There’s a lot of buzz right now about indoor farming. I’m sure you’ve seen photos of fuchsia-illuminated lettuces hydroponically growing in abandoned warehouses, airplane hangars, and disused subway terminals (see for examples here and here and here.) One of the goals of these programs is to cut the energy costs of food shipping, and another is to address food deserts by growing vegetables locally in deprived urban areas where access to fresh produce is difficult.
One group promoting indoor ag is MIT’s OpenAg group, who provide instructions for you to build your own Food Computer, a “controlled-environment agriculture technology platform that uses robotic systems to control and monitor climate, energy, and plant growth inside of a specialized growing chamber”. More information about their project can be found in this highly-viewed TED talk by Caleb Harper. Through monitoring and regulating all aspects of the plant’s growth conditions and growth progress, they hope to fine-tune the flavors of the food being grown, for example to produce sweeter or more pungent leaves.
There is no doubt that these high-profile projects could spur interest in plant science, especially with their emphasis on the DYI and “maker” aspects of the growth facilities and programs (think Robot Wars for growth chambers). These projects also tap into the citizen science and crowdsourcing movements, for example by setting up databases through which growers can share their results with other growers, e.g., through Climate Recipe exchanges (see more in this TEDx talk “How to Download Your Food” by Food Engineer Camille Richman). Projects that involve programming, building, robots, and high-throughput platforms can extend the visibility and appeal of plant sciences to students well beyond its traditional boundaries. And children in particular can benefit from any exposure to growing plants, whether outdoors or in (see for example the good work of Stephen Ritz and his Green Bronx Machine project).
However, these much-hyped indoor ag projects have been criticized for overselling their role in global food security. In his essay “Local Food is Great, But Can It Go Too Far?”, Jonathan Foley, Director of the California Academy of Sciences, writes,
The local food movement has done a lot of wonderful things, especially reconnecting people with the food system. But some new efforts — which move crops indoors, inside artificially-lit, energy-intensive, high-tech containers — go too far, negating the benefits of local agriculture.
In his essay, he argues that the energy demands of food shipping are almost always less than the energy demands of replicating sunlight indoors. He also observes that most of our calories come from foods that are simply not suited to growing indoors, and concludes,
Indoor farms might be able to provide some garnish and salads to the world, but forget about them as a means of growing much other food.
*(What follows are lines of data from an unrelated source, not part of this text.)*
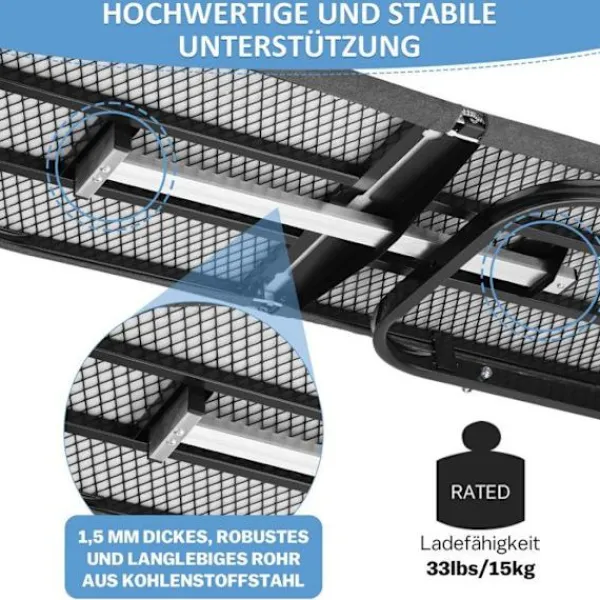 Strykjärn-Väggmonterat Strykbord 92x31cm Väggmonterat Litet utrymme - HÖJDJUSTERING - för Ångstrykjärn/elektriskt - Svart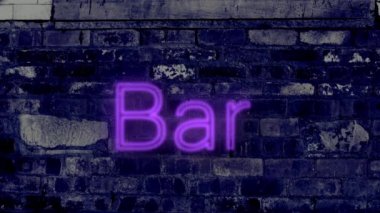 Bar open sign neon light against brick wall animation 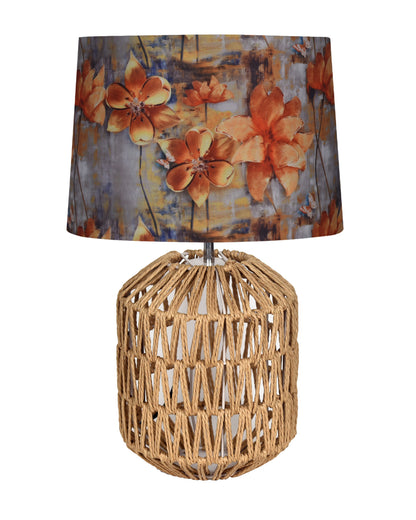 Seagrass Weave Table Lamp Coastal Cottage Bedside Desk Nightstand Lamp for Bedroom Living Room Office College Bookcase Natural Handmade Oval, Bird Drum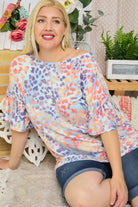 Adora Blue Leopard Boat Neck Top With Ruffle Sleeve -Plus-Curvy/Plus Tops-Adora-Deja Nu Boutique, Women's Fashion Boutique in Lampasas, Texas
A similar critique was published previously by Michael W. Hamm: C.S. Mott Professor of Sustainable Agriculture – Michigan State University and Director of the MSU Center for Regional Food Systems. His article, “Feeding Cities – with Indoor Vertical Farms?” was published at the Food Climate Research Network and in shorter form on the Guardian, with the title “The buzz around indoor farms and artificial lighting makes no sense”. In his excellent essay (and I recommend reading the long version which has some really interesting calculations about the costs of food production), he argues that there are other more sustainable approaches to achieve the same goals, including,
Moving beyond 100% artificial lighting to consider other possibilities is illustrative. Technologically, these range from field level tunnels that keep crops from frost kill in the early spring and late fall; unheated high tunnels that use only solar capture to produce crops year round in colder climates; and greenhouses with heat and supplemental light for full twelve month production of a wider range of crop possibilities.
Furthermore, he observes that the indoor gardening models are too expensive to address the objective of providing healthy food to impoverished areas, and that money can be used more wisely to achieve that goal.
I’d love to see geeksites and greensites cover the innovative approaches being used in plant research. Just as one example, there are hundreds of interesting technologies employed at the Danforth Center, from innovative growth environments, imaging and phenotyping facilities to bioinformatics and proteomics pipelines. The hard-working scientists who are tinkering, building and programming machines to support the breeding of crop plants that are more nutrient efficient or drought tolerant deserve some recognition too. Ultimately, their efforts will make a difference in the world, at least for those whose main concern is hunger rather than designer basil.